Multiple rooms, allowing evaluation of methods at various acoustic conditions, and training of methods with the aim of generalization on different rooms.

The RIRs were collected by staff of TAU between 12/2017 - 06/2018, and between 11/2019 - 1/2020. The data collection received funding from the European Research Council, grant agreement 637422 EVERYSOUND.

NOTE: This database is a work-in-progress. We intend to publish additional rooms, additional formats, and potentially higher-fidelity versions of the captured responses in the near future, as new versions of the database in this repository.

REPORT AND REFERENCE

A compact description of the dataset, recording setup, recording procedure, and extraction can be found in:

Politis., Archontis, Adavanne, Sharath, & Virtanen, Tuomas (2020). A Dataset of Reverberant Spatial Sound Scenes with Moving Sources for Sound Event Localization and Detection. In Proceedings of the Detection and Classification of Acoustic Scenes and Events 2020 Workshop (DCASE2020), Tokyo, Japan.

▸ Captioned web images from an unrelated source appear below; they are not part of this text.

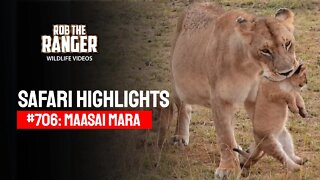 Safari Highlights #706: 16 August 2022 | Lalashe Maasai Mara | Latest Wildlife Sightings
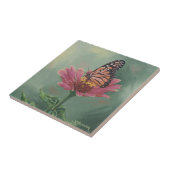 0465(昆虫)オオカバマダラ、モナーク蝶オン《植物》百日草 タイル (側面)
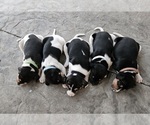 Small #1 Rat Terrier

available here. A more detailed report specifically focusing on the dataset collection and properties will follow.

AIM

The dataset can be used for generating multichannel or monophonic mixtures for testing or training of methods under realistic reverberation conditions, related to e.g. multichannel speech enhancement, acoustic scene analysis, and machine listening, among others. It is especially suitable for the follow application scenarios:

monophonic and multichannal reverberant single- or multi-source speech in multi-room reverberant conditions

monophonic and multichannel polyphonic sound events in multi-room reverberant conditions

single-source and multi-source localization in multi-room reverberant conditions, in static or dynamic scenarios

single-source and multi-source tracking in multi-room reverberant conditions, in static or dynamic scenarios

sound event localization and detection in multi-room reverberant conditions, in static or dynamic scenarios

SPECIFICATIONS

The SRIRs were captured using an Eigenmike spherical microphone array. A Genelec G Three loudspeaker was used to playback a maximum length sequence (MLS) around the Eigenmike. The SRIRs were obtained in the STFT domain using a least-squares regression between the known measurement signal (MLS) and far-field recording independently at each frequency. In this version of the dataset the SRIRs and ambient noise are downsampled to 24kHz for compactness.

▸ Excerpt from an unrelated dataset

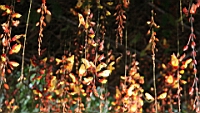 IMG_0340.JPG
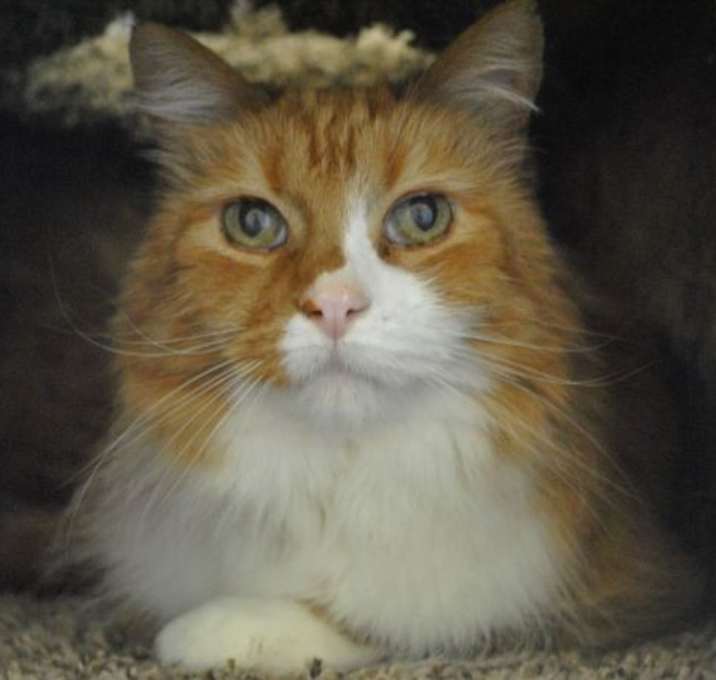 Photo of Franklin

The currently published SRIR set was recorded at nine different indoor locations inside the Tampere University campus at Hervanta, Finland. Additionally, 30 minutes of ambient noise recordings were collected at the same locations with the IR recording setup unchanged. SRIR directions and distances differ with the room. Possible azimuths span the whole range of $\phi\in[-180,180)$, while the elevations span approximately a range between $\theta\in[-45,45]$ degrees. The currently shared measured spaces are as follows:

Large open space in underground bomb shelter, with plastic-coated floor and rock walls. Ventilation noise. Circular source trajectory.

Large open gym space. Ambience of people using weights and gym equipment in adjacent rooms. Circular source trajectory.

Small classroom (PB132) with group work tables and carpet flooring. Ventilation noise. Circular source trajectory.

Meeting room (PC226) with hard floor and partially glass walls. Ventilation noise. Circular source trajectory.

Lecture hall (SA203) with inclined floor and rows of desks. Ventilation noise. Linear source trajectory.

Small classroom (SC203) with group work tables and carpet flooring. Ventilation noise. Linear source trajectory.

Large classroom (SE203) with hard floor and rows of desks. Ventilation noise. Linear source trajectory.

Lecture hall (TB103) with inclined floor and rows of desks. Ventilation noise. Linear source trajectory.

Meeting room (TC352) with hard floor and partially glass walls. Ventilation noise. Circular source trajectory.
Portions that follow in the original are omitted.